I put the bridge on the guitar today. Because accurate bridge placement is crucial to making sure the guitar plays in tune all the way up and down the neck, it’s something you need to get right the first time. I have a trick. I don’t think anybody else does it this way.
When I install a bridge, it’s actually almost the last step in building the guitar. I’ve finished the body, except for a patch where the thing gets glued on. To determine the exact spot the bridge needs to lie, I’ve dummied up some temporary devices.
- I temporarily attach a trapeze tailpiece to the guitar so I can anchor the strings.
- I actually string up the low and high E and tune them up to pitch. Notice, the bridge is not secured to the top at this stage except by string tension. The two little blocks you see are to make sure that the string spacing is correct at nut and saddle since everything’s floating free.
- I test the tone with the open strings and tune them with an electronic tuner to be precisely E (low and high). I then fret each string at 12 and make sure it is exactly E, but one octave higher. I can adjust the intonation by moving the bridge fore and aft, until it is dead on with both strings. I won’t accept even a penny’s variation.
- I also slide the bridge back and forth across the belly of the guitar so the strings lie correctly athwart the neck.

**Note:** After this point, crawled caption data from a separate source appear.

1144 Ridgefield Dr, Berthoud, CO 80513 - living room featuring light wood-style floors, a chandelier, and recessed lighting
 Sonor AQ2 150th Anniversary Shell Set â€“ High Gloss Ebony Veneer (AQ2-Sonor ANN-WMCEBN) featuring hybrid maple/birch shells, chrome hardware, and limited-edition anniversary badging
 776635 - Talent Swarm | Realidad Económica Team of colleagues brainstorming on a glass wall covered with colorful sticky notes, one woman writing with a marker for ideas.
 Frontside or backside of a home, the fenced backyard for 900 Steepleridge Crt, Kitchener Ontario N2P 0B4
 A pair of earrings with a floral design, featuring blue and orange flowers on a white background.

- When I am satdfied the bridge is EXACTLY where it needs to be, I box it in with painter’s tape.
- I take the strings and trapeze off, and drill 2 tiny holes whee the bridge pins are going in at the 2 E strings.
- Using glue, 2 wood screws, and clamps, I glue the bridge down.
That’s it. Any variation in intonaton that i find during final setup can be addresed by beveling the saddle one way or the other, strng by string. This mounting method is accurate enough that I find I have no issue with the final tweaks.